Recorded data:
▼

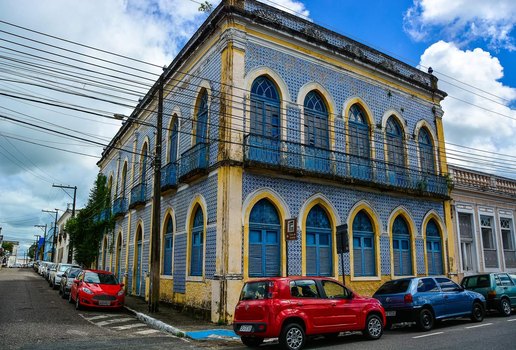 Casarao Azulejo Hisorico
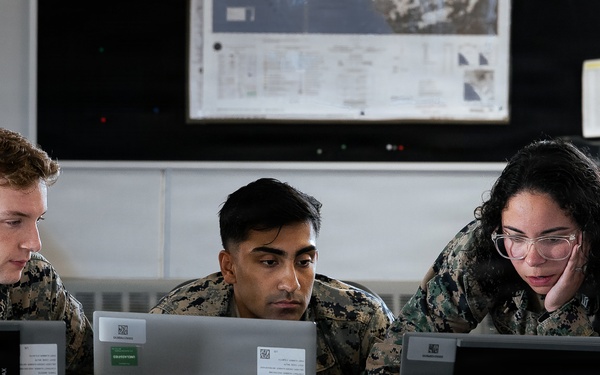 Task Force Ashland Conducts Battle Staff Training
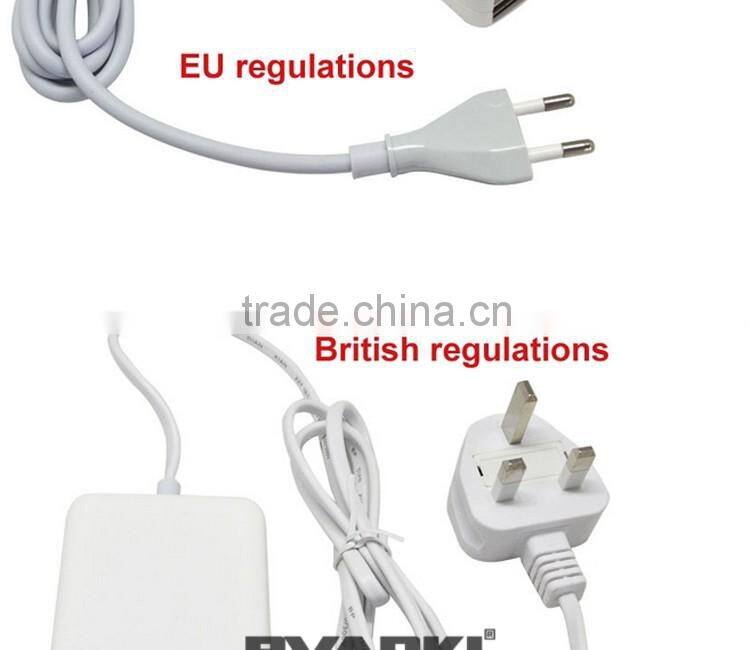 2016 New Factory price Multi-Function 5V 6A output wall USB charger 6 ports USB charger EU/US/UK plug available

▲

How to complete this task: Only the pictures are to be left out; restate everything else in the listing word for word.

Response box:
 Casarao Azulejo Hisorico
 Task Force Ashland Conducts Battle Staff Training
 2016 New Factory price Multi-Function 5V 6A output wall USB charger 6 ports USB charger EU/US/UK plug available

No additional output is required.